En tal sentido, más que con Juan XXIII o con Juan Pablo II que fueron dos grandes líderes que influyeron políticamente de modo crucial en el mundo de su tiempo, quizá sea más adecuado comparar las intenciones de la Iglesia liderada por Francisco con la reforma gregoriana que comenzó con el Papa León IX en 1049 y culminó con Gregorio VII, quien entre 1073 y 1085 consagró revolucionarias reformas dentro la Iglesia de su tiempo.
León IX, como hoy Francisco, advirtió que la Iglesia de aquel entonces no podía seguir con sus vicios internos, de los cuales los principales eran dos: la “simonía”, mediante la cual todo laico poderoso adquiría investiduras eclesiásticas para tapar sus corrupciones “temporales” con esos atributos “espirituales” conseguidos pecuniariamente. Y el “nicolaísmo”, por el cual los clérigos, liberados del control eclesiástico, pero aprovechándose de sus investiduras, se entregaban a desenfrenos sexuales.
León IX percibió que si no se eliminaban esos males internos, la Iglesia sucumbiría ante el dominio de los señores feudales, que se iban apoderando de los símbolos espirituales quitándoselos a la institución religiosa, para acrecentar sus poderes locales, mientras los clérigos cedían a los placeres mundanos. Sin embargo, ese Papa no pudo culminar su tarea porque los males estaban más extendidos en la Iglesia de lo que él supuso al asumir. Pero pudo lograr que su prédica la continuaran sus sucesores, quiénes se atuvieron a dos grandes metas: la primera, dar ejemplo personal de austeridad para que los curas regresaran a los valores del cristianismo primitivo. La segunda, fortalecer el poder del papado a fin de impedir que los señores feudales siguieran creando iglesias particulares para dominar también espiritualmente a sus vasallos.
Por supuesto que los emperadores de entonces, a los que les gustaba nombrar ellos a los papas, y los señores feudales, que se sentían como papas en sus mini-territorios, reaccionaron indignados contra la reforma gregoriana, que buscaba devolverle a la Iglesia el poder religioso capturado por reyes y caudillos por las defecciones eclesiásticas.

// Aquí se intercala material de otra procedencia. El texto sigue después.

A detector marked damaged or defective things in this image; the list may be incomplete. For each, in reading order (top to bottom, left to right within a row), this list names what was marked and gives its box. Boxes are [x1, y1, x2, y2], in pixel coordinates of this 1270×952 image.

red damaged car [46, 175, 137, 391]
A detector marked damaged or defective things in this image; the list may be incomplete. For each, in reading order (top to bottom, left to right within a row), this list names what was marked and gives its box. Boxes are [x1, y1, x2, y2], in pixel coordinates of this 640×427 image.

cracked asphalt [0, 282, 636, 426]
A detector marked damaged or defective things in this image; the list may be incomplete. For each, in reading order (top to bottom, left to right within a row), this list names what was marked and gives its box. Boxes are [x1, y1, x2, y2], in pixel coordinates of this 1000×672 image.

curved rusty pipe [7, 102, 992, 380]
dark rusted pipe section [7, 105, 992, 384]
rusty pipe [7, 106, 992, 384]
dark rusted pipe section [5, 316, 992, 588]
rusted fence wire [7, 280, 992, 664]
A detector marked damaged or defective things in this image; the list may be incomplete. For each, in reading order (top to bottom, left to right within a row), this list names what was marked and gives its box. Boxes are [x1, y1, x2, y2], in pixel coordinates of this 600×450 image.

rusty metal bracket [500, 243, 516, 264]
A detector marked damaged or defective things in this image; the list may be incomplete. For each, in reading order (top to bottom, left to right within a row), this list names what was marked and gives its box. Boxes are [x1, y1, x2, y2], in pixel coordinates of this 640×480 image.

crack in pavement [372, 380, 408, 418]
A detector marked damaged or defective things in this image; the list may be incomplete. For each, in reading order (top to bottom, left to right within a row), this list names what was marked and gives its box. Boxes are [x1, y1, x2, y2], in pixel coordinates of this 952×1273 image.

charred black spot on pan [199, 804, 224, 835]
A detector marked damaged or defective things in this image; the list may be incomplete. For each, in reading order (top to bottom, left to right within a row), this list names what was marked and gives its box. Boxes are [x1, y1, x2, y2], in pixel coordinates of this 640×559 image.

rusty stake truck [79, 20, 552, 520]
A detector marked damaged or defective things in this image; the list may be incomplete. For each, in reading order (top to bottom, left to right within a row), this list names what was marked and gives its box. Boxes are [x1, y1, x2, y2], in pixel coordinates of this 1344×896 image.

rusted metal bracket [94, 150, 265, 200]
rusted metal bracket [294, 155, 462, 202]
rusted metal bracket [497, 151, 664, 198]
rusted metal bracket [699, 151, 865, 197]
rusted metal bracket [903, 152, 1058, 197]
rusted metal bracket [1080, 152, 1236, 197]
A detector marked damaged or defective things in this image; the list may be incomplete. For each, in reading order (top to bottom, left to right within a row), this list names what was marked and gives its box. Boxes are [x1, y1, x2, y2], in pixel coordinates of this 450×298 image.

Todo finalizó con un relativo empate en lo que se dio en llamar la teoría de las dos espadas, (una versión aggiornada de dar a Dios lo que es de Dios y al César lo que es del César), por la cual el emperador no se metería en los terrenos espirituales y el Papa no se metería en los terrenales. Lográndose con ello que la razón y la fe eligieran cada cual su propio camino, complementándose quizá, pero autonomizándose cada una de las ataduras de la otra. Lo que en su tiempo fue una gran transformación, que anticipó en gran medida lo que luego culminaría con el Renacimiento.
Es muy posible que la Iglesia que recibió Francisco haya sido, salvando las inevitables diferencias históricas, muy parecida a la que recibió León IX y que la reforma que se propuso el Papa argentino fuese inspirada, parcialmente, en la reforma gregoriana.
El Papa universal
Quizá la imagen más conmovedora y más espectacular del Papa Francisco fue la de aquel anochecer, en plena pandemia, cuando se colocó, en absoluta soledad, al medio de la Plaza San Pedro a orar por la humanidad. Es un momento inolvidable. Y maravilloso. Que recordará por siempre la historia. Tanto como a este Papa, que también quedará bien parado en la historia universal. Aunque no haya podido evitar que durante todo su mandato religioso los argentinos se siguieran dividiendo en contra o a favor de él, por esa tendencia aún no curada debido a la cual seguimos apostando más a la facción partidaria que a la unidad nacional. Exactamente la contrario de este Papa. Argentino, profundamente argentino sí, pero que se va de esta tierra siendo más universal que argentino.